Meredith v. Industrial Rayon Corp.

117 F. Supp. 815 | N.D. Ohio | 1949

JONES, Chief Judge.

This matter was decided by Judge Wilkin on December 22, 1948, but, subsequently, on March 9, 1949, he vacated this opinion and had the matter re-submitted upon briefs. It, therefore, appears that the matter is now before the court for decision on the pleadings, the stipulation of facts, and the briefs.

No question is presented as to the reemployment of the plaintiff as provided by Title 50 U.S.C.A.Appendix, § 308. This action is for additional compensation and certain rights to which the plaintiff would be entitled under the seniority which he asserts was denied by the defendant.

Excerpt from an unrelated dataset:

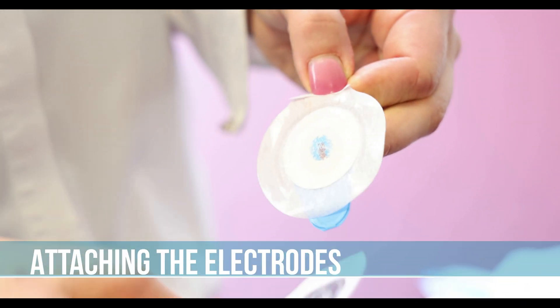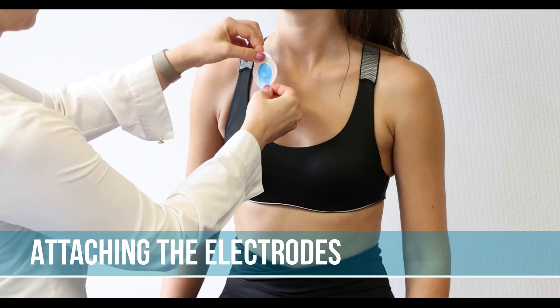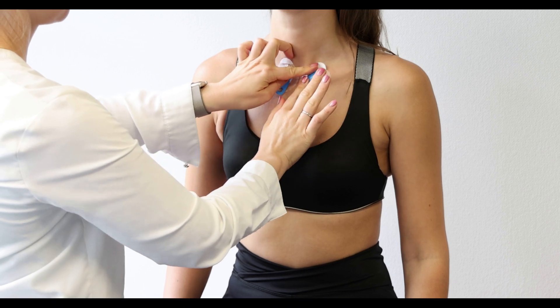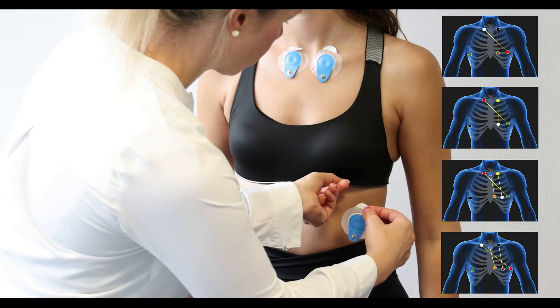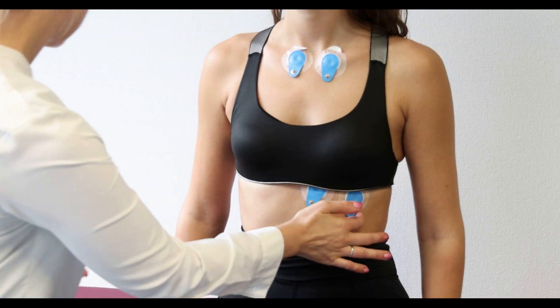When placing the electrodes, make sure that they are not positioned on the pectoral muscle. Instead, place them on the collarbone as this reduces the resistance of muscle artifacts. Remove the protective liner and place the electrodes according to the electrode placement, which varies depending on the cable type. Make sure the electrodes are firmly in place by pressing them onto the surface after placement.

It is agreed by the parties that the plaintiff was employed by the defendant from February 2, 1943 to May 2, 1943. This is less than the six-month employment period required by the union agreement to bring the defendant within its terms. The plaintiff contends that his employment by the defendant company at the time of his induction was such that he continued as an employee within the terms of the agreement after his induction and obtained seniority rights which entitled him to employment in such a preferred status upon his return from service.

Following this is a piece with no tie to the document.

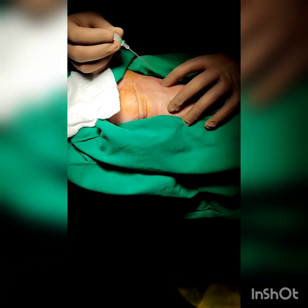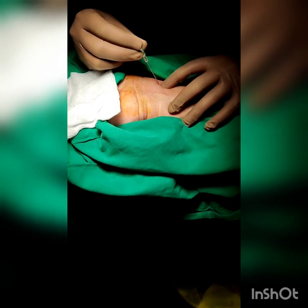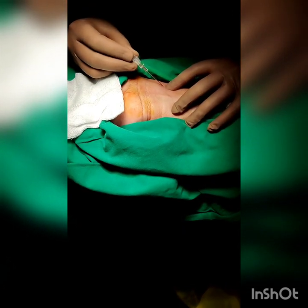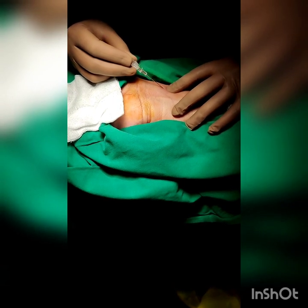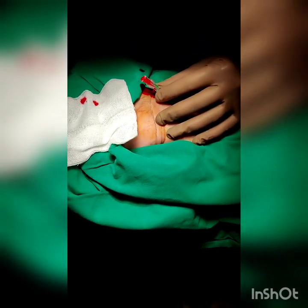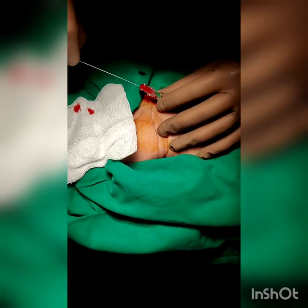Palpate the pulse with the non-dominant hand while holding the introducer needle in the dominant hand like a pencil. Puncture the skin with the introducer needle at about 45 to 60 degrees. Once the skin is punctured, tilt the introducer needle to around 30 degrees for further advancement. As the needle enters the artery, a flash of blood is seen at its distal end.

An examination of the authorities and the union agreement leads the court to the conclusion that the plaintiff did not acquire seniority rights under the agreement before he had completed six months of employment. So far as the agreement provides he was on a trial or probationary basis. Seniority rights do not accrue under these circumstances while the plaintiff is in the service and not employed by the defendant. The statute provides for the re-instatement of the employee without loss of seniority and this the defendant has done.

The court is in agreement with the statement of Mr. Justice Douglas in the case of Fishgold v. Sullivan Drydock & Repair Corp., 328 U.S. 275, at page 284, 66 S.Ct. 1105, at page 1111, 90 L.Ed. 1230, wherein this statement is found:

“Thus he does not step back on the seniority escalator at the point he stepped off. He steps back on at the precise point he would have occupied had he kept his position continuously during the war.”

In this case, however, the court is of the opinion that the plaintiff never got on the “seniority escalator”.

The court is of the opinion that the case of Lesher v. P. R. Mallory & Co., Inc., 7 Cir., 166 F.2d 983 states the correct law as it is applicable to this case.

An order may, therefore, be prepared entering judgment for the defendant.